Be sure you include your desired call to action, and let the reporter know what you have in mind or can provide to support your pitch, whether it be an interview with an executive or spokesperson, a facility tour, and/or product sample(s).
As for your press release and press kit, I am not a fan of sending emails with attachments and don’t recommend it. I would either paste my press release at the bottom of my email, or just mention that I have a press release and further documents available, should the reporter be interested.

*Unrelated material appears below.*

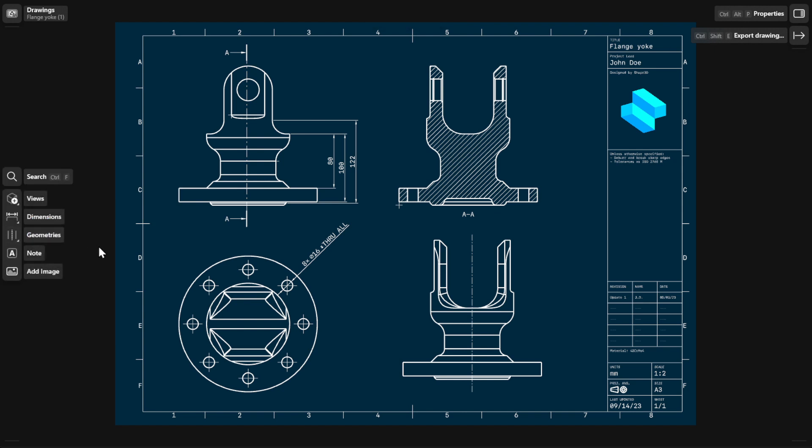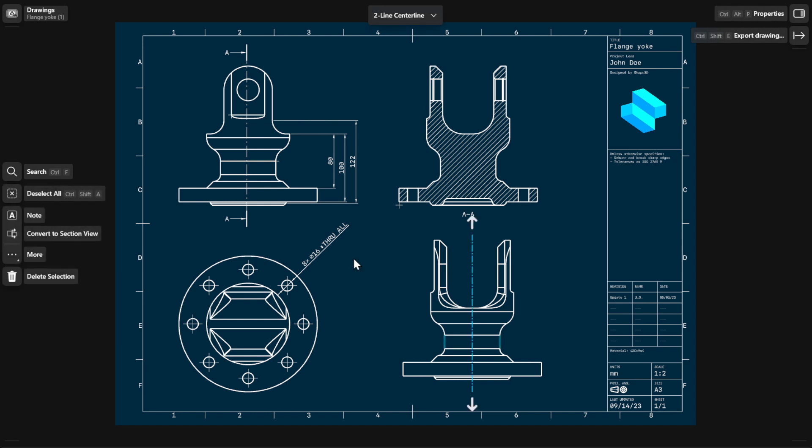To delete a geometric annotation, select it and then choose Delete Selection from the menu.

The subject line can play a big role in the success of your pitch. Think of it this way: When you check your email in the morning and your inbox is undoubtably overflowing, what factors help you decide which emails to open first? It’s generally the subject matter. You don’t need to drain your creative resources to come up with something witty and charming, but do be effective at conveying your message. For example, would you be more inclined to open an email with the subject line: “New Laptop,” or, “New Laptop Powered Solely By Recycled Materials?” Exactly.

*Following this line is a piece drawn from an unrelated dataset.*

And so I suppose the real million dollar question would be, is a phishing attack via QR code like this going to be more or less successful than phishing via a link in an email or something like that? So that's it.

At the same time, mind your Ps and Qs. A colleague was publicizing a new cookbook for men that promised enhanced energy and… let’s call it vitality. Her subject line was “Is Vegan the new Viagra?” Clever, compelling and just plain funny. But unfortunately, it was also inclusive of a big, flashing keyword for spam filters nationwide and hardly anyone received her original pitch, which she had to resend with a new subject line.
No Release Needed
There will be times you won’t need a press release for your pitch, such as when you are responding to a reporter’s query (HARO is a great PR resource, by the way). You may just want to introduce yourself as a spokesperson or a category expert for future stories, or share additional thoughts, data, or even an opposing viewpoint to a story they recently wrote. In these cases, you are not pitching “new” news, which is the main criteria for a press release—therefore it wouldn’t be relevant.
Call Me… Maybe?
If the reporter is interested in your pitch, you will get a response. Not always immediately, but you will most likely hear back. If not, either they aren’t interested or they could be, but they didn’t deem your news as urgent. And sometimes they just forget! Following up on your pitch is standard procedure, so go ahead and make a call or send an email if you don’t hear back after several days (just beware of deadlines before you pick up the phone and call a reporter) and reference the pitch, asking if they have any questions or need more information.
Well, so far, we’ve officially covered: media plans, media lists, press releases, press kits, and now press pitches. So, what if you get interest? Great question—and that will be the topic of our next blog: “What to do when you get your first ‘yes’…or even ‘maybe!'” Until then, let’s get pitching.